[Your assignment]: The answer should be an exact repeat of the stretch of material below from the line containing "Framed Print : The" through the line containing "グランドコンシェルジュ用賀ア".

[Provided information]:
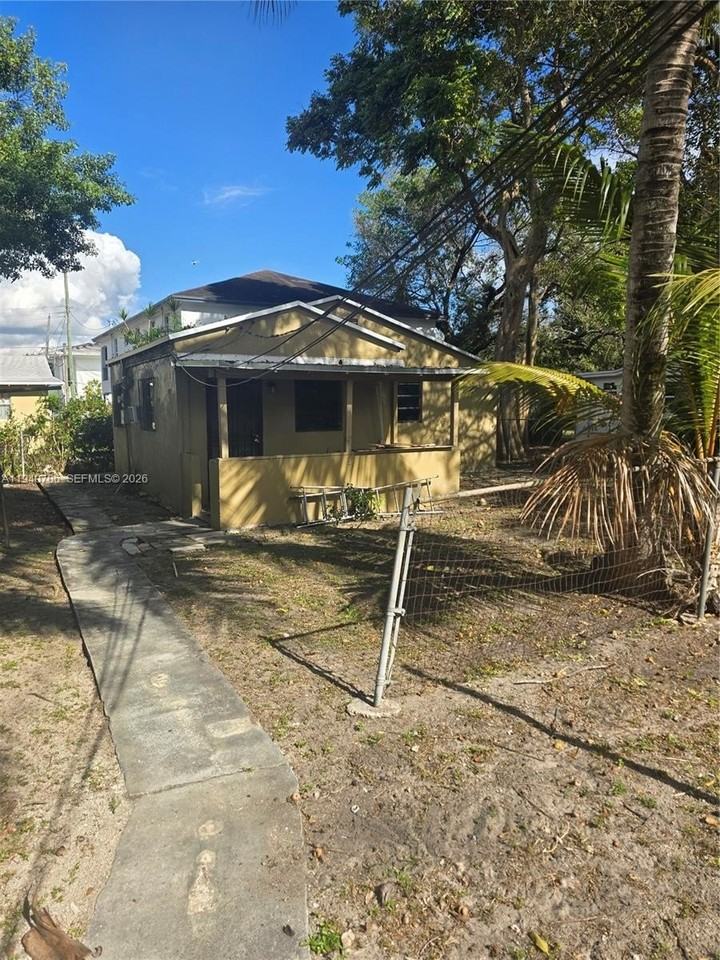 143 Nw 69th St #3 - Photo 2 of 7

---

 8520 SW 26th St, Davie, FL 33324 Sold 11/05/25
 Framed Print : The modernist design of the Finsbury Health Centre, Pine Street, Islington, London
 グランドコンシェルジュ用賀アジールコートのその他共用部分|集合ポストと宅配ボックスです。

[Reply to the exercise]:
 Framed Print : The modernist design of the Finsbury Health Centre, Pine Street, Islington, London
 グランドコンシェルジュ用賀アジールコートのその他共用部分|集合ポストと宅配ボックスです。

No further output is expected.